Your copy should repeat the data that follows exactly and contain no image.

Start of Block

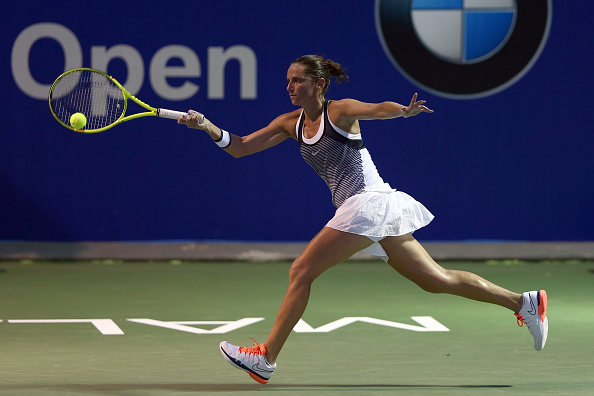 Vinci runs out of steam | Photo courtesy of: Stanley Chou/Getty Images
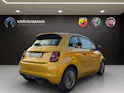 Fiat 500 1.0 Hybrid Torino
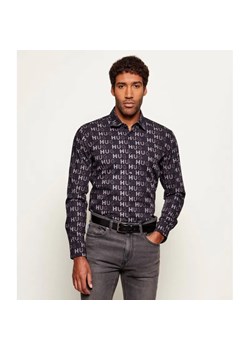 HUGO Koszula Ermo | Slim Fit - id: BU261M000063001 - marki Hugo Boss - 187288254 HUGO Koszula Ermo | Slim Fit ze sklepu Gomez Fashion Store w kategorii Koszule męskie - zdjęcie 187288254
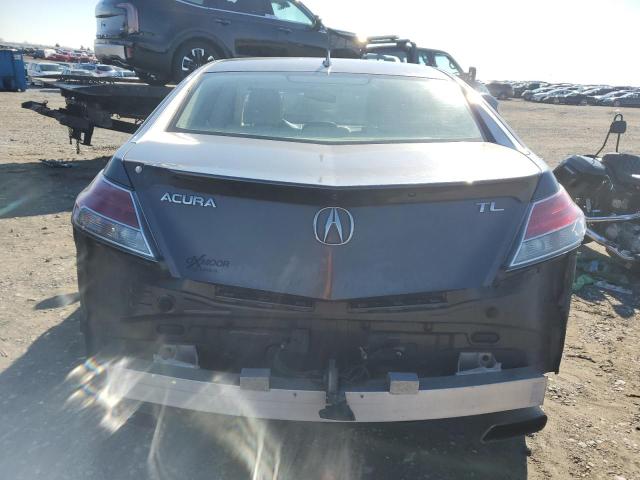 Photo 6 from auction – 2009 ACURA TL with VIN 19UUA86579A022635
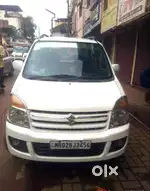 Maruti Suzuki Wagon R 2009 CNG & Hybrids Well Maintained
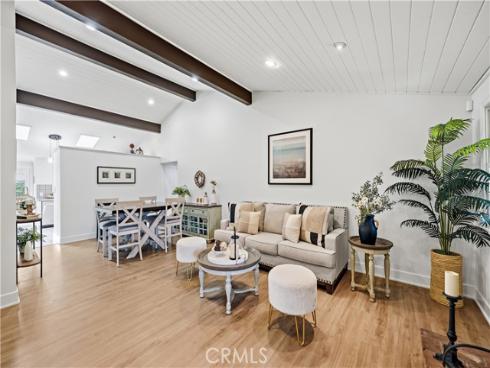 1224 E Orange Grove , Orange, CA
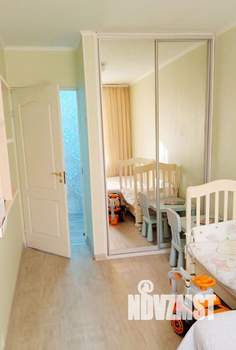 2-к квартира, вторичка, 43м2, 2/9 этаж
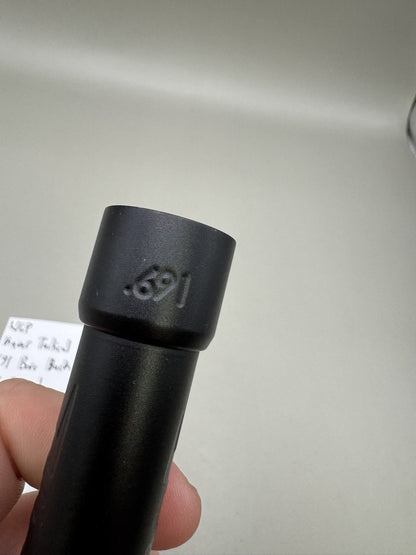 WGP Kaner Tactical Barrel 691 Bore Back AC Thread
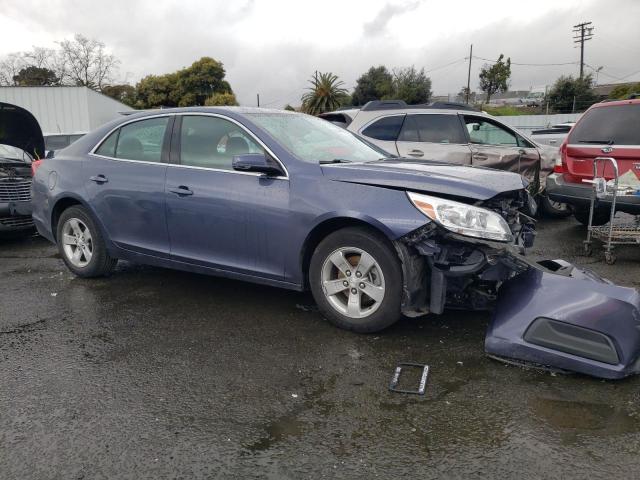 1G11C5SA4DF341072 - 2013 CHEVROLET MALIBU 1LT 蓝色 照片 4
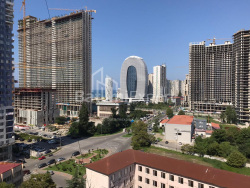 Daire 47 m² Daire - Niko Pirosmani, Batumi, Gürcistan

End of Block

* Exercise solution
 Vinci runs out of steam | Photo courtesy of: Stanley Chou/Getty Images
 Fiat 500 1.0 Hybrid Torino
 HUGO Koszula Ermo | Slim Fit - id: BU261M000063001 - marki Hugo Boss - 187288254 HUGO Koszula Ermo | Slim Fit ze sklepu Gomez Fashion Store w kategorii Koszule męskie - zdjęcie 187288254
 Photo 6 from auction – 2009 ACURA TL with VIN 19UUA86579A022635
 Maruti Suzuki Wagon R 2009 CNG & Hybrids Well Maintained
 1224 E Orange Grove , Orange, CA
 2-к квартира, вторичка, 43м2, 2/9 этаж
 WGP Kaner Tactical Barrel 691 Bore Back AC Thread
 1G11C5SA4DF341072 - 2013 CHEVROLET MALIBU 1LT 蓝色 照片 4
 Daire 47 m² Daire - Niko Pirosmani, Batumi, Gürcistan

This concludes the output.